#### ASSIGNMENT
Below are entries. Copy exactly the lines running from the line that holds "Helikon-tex UTP® (Urban" to the line that holds "گلابگیر دیگ تقطیر", with both ends included.

Scraped caption text data:
· · · ·

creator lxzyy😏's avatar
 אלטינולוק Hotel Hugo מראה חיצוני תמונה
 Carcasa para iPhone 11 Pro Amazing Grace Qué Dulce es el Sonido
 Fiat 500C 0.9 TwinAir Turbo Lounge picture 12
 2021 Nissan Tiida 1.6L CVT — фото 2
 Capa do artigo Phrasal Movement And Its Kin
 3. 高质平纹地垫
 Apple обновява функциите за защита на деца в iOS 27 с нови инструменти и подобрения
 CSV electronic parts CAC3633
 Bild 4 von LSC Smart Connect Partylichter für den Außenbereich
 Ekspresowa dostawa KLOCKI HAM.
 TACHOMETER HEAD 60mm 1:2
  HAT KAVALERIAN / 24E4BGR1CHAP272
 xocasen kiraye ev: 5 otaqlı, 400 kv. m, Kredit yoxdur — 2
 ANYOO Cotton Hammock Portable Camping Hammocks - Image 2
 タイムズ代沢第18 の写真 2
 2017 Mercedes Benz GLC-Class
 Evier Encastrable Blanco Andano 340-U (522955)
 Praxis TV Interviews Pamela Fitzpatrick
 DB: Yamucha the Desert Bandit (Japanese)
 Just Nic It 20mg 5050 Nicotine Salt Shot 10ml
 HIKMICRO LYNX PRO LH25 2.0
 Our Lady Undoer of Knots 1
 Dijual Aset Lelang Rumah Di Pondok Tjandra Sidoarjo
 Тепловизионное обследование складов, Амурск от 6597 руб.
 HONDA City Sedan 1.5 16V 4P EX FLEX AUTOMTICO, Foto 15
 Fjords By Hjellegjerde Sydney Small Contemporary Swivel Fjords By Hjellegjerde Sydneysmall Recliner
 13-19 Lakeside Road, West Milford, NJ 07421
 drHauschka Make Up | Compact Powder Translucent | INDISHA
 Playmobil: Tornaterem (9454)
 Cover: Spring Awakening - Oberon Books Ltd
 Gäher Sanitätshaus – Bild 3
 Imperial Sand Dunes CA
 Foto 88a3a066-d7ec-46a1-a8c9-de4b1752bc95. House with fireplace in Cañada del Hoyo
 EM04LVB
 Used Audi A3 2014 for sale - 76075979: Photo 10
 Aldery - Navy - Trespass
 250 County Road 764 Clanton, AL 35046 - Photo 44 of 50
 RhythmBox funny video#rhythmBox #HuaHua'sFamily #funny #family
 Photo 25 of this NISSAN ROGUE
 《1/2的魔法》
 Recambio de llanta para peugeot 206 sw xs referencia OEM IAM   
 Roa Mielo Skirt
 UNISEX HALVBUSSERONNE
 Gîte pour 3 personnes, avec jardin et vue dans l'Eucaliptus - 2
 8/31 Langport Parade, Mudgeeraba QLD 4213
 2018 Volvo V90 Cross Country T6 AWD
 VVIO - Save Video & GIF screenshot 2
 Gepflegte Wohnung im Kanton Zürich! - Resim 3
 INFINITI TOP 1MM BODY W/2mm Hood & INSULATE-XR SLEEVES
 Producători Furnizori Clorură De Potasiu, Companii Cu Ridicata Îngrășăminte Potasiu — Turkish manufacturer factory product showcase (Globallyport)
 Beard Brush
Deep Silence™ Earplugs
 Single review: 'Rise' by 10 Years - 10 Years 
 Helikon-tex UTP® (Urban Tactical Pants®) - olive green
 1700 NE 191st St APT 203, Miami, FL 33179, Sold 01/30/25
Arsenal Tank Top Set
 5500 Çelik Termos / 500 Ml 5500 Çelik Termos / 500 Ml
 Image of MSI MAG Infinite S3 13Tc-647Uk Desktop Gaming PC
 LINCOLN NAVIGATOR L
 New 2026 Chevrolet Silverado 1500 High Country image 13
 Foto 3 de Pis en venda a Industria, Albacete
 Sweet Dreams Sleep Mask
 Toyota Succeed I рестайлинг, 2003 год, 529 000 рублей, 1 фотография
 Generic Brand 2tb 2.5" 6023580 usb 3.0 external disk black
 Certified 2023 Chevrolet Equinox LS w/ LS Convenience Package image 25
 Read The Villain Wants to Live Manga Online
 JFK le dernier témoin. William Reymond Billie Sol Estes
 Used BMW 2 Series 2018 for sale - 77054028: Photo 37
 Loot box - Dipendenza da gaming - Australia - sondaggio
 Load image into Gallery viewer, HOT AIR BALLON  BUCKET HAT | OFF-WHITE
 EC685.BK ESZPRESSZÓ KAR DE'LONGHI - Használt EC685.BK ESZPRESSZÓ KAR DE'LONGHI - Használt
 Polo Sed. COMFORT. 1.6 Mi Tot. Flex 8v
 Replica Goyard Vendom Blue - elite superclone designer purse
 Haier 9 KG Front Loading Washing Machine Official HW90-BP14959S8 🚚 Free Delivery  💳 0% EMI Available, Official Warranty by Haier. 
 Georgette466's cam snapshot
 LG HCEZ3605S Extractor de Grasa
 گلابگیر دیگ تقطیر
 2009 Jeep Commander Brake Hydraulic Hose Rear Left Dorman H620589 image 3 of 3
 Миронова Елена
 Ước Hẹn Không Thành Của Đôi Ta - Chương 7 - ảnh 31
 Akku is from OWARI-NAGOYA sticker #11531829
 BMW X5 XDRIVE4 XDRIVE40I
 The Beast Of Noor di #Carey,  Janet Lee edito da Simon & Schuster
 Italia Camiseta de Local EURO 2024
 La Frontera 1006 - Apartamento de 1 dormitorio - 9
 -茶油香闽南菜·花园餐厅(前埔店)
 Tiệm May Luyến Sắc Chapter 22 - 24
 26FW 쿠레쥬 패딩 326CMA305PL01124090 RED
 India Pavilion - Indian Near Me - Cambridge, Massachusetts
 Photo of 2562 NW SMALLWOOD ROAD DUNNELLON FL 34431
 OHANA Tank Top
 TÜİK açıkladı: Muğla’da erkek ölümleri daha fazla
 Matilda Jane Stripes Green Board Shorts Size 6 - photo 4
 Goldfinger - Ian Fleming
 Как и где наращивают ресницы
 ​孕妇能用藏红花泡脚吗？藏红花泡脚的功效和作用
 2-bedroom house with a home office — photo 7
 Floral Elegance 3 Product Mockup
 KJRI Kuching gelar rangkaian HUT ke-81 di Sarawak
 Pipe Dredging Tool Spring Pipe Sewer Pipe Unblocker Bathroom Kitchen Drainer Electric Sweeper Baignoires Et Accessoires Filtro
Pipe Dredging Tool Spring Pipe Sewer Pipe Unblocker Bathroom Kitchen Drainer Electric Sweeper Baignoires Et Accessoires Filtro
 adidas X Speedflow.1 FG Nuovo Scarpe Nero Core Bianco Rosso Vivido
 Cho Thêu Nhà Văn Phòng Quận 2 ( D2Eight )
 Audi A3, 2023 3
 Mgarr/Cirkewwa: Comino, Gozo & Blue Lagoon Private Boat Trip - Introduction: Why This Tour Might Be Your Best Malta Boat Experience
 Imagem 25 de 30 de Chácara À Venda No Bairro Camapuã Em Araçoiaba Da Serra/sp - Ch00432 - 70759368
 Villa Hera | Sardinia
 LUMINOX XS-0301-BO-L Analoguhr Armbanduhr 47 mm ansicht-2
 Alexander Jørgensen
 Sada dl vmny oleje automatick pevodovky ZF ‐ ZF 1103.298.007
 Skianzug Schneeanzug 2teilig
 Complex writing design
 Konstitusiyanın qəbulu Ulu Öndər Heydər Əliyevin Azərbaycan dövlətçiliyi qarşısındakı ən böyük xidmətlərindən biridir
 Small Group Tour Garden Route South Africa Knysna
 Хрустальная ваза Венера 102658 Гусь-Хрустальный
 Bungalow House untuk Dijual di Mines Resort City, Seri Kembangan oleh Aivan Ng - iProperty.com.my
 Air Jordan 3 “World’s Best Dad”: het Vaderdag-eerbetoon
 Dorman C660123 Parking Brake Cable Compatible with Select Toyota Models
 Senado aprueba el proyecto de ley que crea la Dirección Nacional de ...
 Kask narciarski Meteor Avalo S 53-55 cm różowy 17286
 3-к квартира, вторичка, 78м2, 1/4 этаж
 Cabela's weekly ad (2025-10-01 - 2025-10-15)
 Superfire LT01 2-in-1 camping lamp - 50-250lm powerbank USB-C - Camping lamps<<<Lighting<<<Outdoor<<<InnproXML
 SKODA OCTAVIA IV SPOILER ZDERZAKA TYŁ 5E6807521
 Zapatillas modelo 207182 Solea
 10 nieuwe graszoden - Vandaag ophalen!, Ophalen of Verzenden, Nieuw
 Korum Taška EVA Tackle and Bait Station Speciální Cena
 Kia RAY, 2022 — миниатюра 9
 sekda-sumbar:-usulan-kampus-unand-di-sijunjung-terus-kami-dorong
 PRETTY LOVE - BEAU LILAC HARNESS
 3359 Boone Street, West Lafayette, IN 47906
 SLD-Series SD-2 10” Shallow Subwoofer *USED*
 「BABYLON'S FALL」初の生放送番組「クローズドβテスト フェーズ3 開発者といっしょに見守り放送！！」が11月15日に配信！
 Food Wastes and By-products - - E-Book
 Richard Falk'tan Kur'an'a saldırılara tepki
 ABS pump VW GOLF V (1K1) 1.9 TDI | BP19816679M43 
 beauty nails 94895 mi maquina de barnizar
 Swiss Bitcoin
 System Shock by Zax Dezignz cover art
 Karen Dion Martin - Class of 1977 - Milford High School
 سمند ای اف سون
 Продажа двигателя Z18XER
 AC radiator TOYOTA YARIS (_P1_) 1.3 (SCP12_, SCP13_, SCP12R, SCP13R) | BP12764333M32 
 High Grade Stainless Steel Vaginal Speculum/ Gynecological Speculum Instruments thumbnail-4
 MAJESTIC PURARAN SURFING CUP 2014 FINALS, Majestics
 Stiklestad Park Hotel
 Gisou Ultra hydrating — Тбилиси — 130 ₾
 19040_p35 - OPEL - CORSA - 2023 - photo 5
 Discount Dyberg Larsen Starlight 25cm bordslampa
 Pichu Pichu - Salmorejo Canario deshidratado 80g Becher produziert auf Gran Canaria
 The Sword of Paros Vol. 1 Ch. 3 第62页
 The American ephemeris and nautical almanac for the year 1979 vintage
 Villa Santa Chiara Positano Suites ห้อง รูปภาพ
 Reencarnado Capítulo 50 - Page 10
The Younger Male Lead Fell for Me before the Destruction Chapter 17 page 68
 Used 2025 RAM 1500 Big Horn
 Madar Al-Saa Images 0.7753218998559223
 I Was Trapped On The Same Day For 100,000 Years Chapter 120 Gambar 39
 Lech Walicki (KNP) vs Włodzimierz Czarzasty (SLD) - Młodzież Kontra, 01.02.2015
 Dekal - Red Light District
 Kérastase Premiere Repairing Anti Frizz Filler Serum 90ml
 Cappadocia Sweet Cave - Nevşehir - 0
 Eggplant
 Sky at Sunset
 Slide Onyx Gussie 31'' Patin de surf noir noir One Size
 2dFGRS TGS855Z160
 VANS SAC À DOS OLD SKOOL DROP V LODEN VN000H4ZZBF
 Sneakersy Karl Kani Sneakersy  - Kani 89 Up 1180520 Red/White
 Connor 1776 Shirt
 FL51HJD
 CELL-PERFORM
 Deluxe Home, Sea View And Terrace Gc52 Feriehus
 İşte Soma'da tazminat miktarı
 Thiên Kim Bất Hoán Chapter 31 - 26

· · · ·

#### COMPLETED TASK
 Helikon-tex UTP® (Urban Tactical Pants®) - olive green
 1700 NE 191st St APT 203, Miami, FL 33179, Sold 01/30/25
Arsenal Tank Top Set
 5500 Çelik Termos / 500 Ml 5500 Çelik Termos / 500 Ml
 Image of MSI MAG Infinite S3 13Tc-647Uk Desktop Gaming PC
 LINCOLN NAVIGATOR L
 New 2026 Chevrolet Silverado 1500 High Country image 13
 Foto 3 de Pis en venda a Industria, Albacete
 Sweet Dreams Sleep Mask
 Toyota Succeed I рестайлинг, 2003 год, 529 000 рублей, 1 фотография
 Generic Brand 2tb 2.5" 6023580 usb 3.0 external disk black
 Certified 2023 Chevrolet Equinox LS w/ LS Convenience Package image 25
 Read The Villain Wants to Live Manga Online
 JFK le dernier témoin. William Reymond Billie Sol Estes
 Used BMW 2 Series 2018 for sale - 77054028: Photo 37
 Loot box - Dipendenza da gaming - Australia - sondaggio
 Load image into Gallery viewer, HOT AIR BALLON  BUCKET HAT | OFF-WHITE
 EC685.BK ESZPRESSZÓ KAR DE'LONGHI - Használt EC685.BK ESZPRESSZÓ KAR DE'LONGHI - Használt
 Polo Sed. COMFORT. 1.6 Mi Tot. Flex 8v
 Replica Goyard Vendom Blue - elite superclone designer purse
 Haier 9 KG Front Loading Washing Machine Official HW90-BP14959S8 🚚 Free Delivery  💳 0% EMI Available, Official Warranty by Haier. 
 Georgette466's cam snapshot
 LG HCEZ3605S Extractor de Grasa
 گلابگیر دیگ تقطیر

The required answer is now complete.